- What the task requires -
Everything in the listing below must be reproduced exactly, apart from its images.

- Information provided -
********
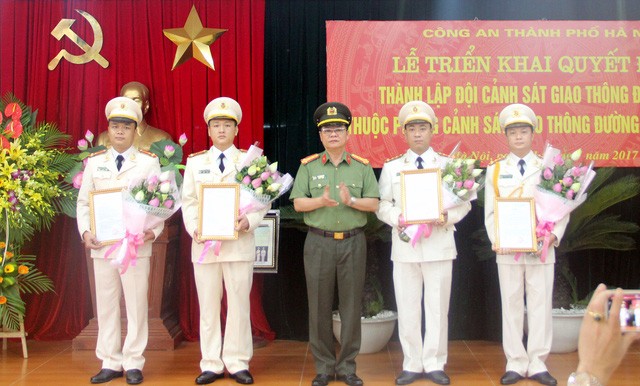 Đại tá Đào Thanh Hải - Phó Giám đốc Công an TP Hà Nội - trao các Quyết định cho Đội trưởng, Phó Đội trưởng Đội CSGT Đường sắt.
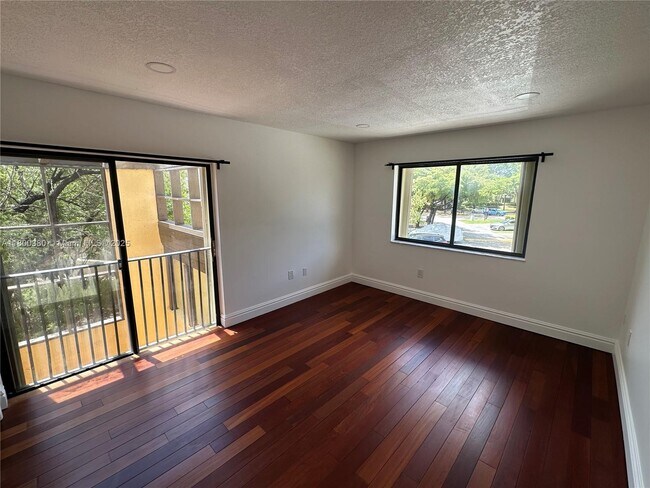 Building Photo - 10119 Costa Del Sol Blvd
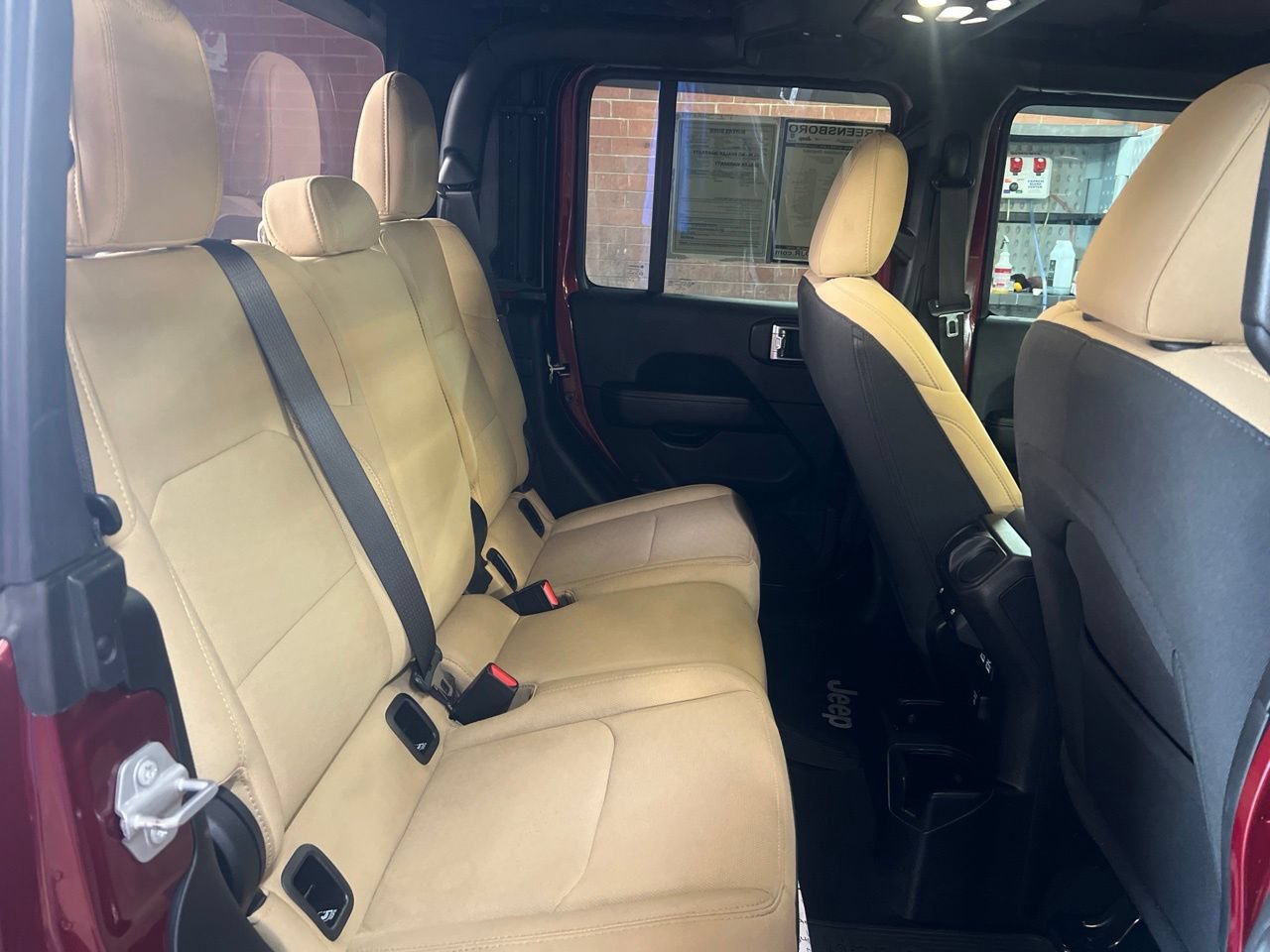 Used 2021 Jeep Gladiator Overland AWD/4WD image 22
********
- Solution to this exercise -
 Đại tá Đào Thanh Hải - Phó Giám đốc Công an TP Hà Nội - trao các Quyết định cho Đội trưởng, Phó Đội trưởng Đội CSGT Đường sắt.
 Building Photo - 10119 Costa Del Sol Blvd
 Used 2021 Jeep Gladiator Overland AWD/4WD image 22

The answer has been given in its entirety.